Immunotherapy with PDT and NK cells has shown great potential in addition. However, the activation of NK cells within the tumor microenvironment is inhibited by the shedding of NK group 2, member D ligands (NKG2DLs). Liu et al. constructed a microenvironmental, light-responsive bionanosystem (MLRN) consisting of β-CD containing SB-3CT and liposomes loaded with photosensitizers. SB-3CT promoted both NKG2D/NKG2DL by antagonizing the MMP-2 pathway to block tumor cell immune escape.

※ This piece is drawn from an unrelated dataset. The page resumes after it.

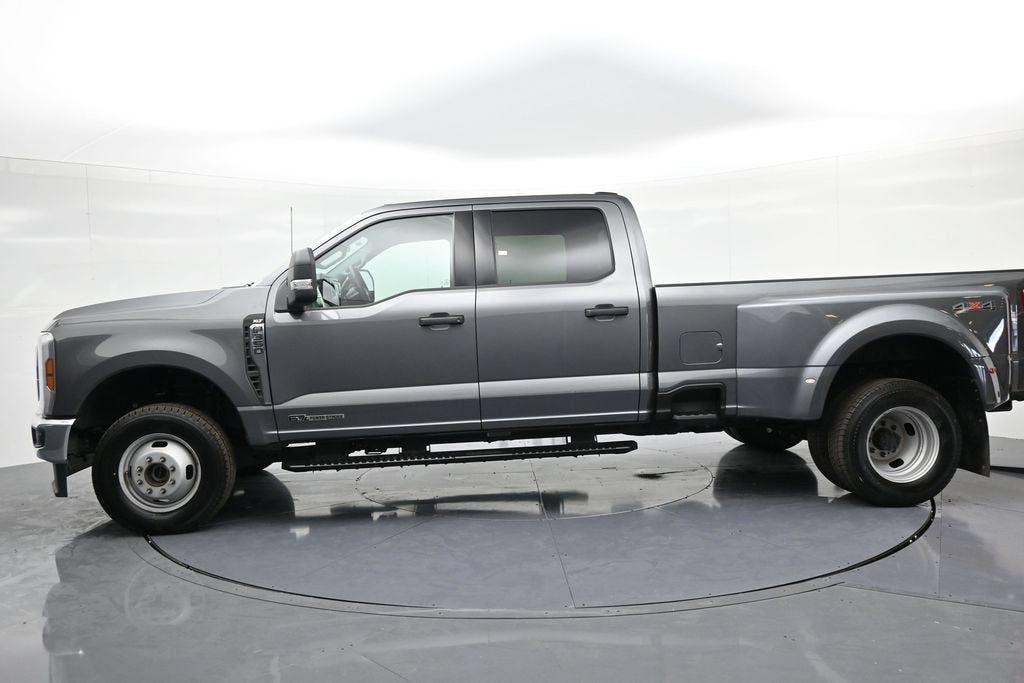 2025 Ford Super Duty F-350 DRW XL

The combination of multiple therapeutic approaches has been a hot topic in recent years, and the combination of immunotherapy involving CD with other therapies can improve the therapeutic efficacy through synergistic effects while improving the original shortcomings of each therapy. In the future, the combination of CD-involved immunotherapy with other therapies will lead to new discoveries in oncology treatment.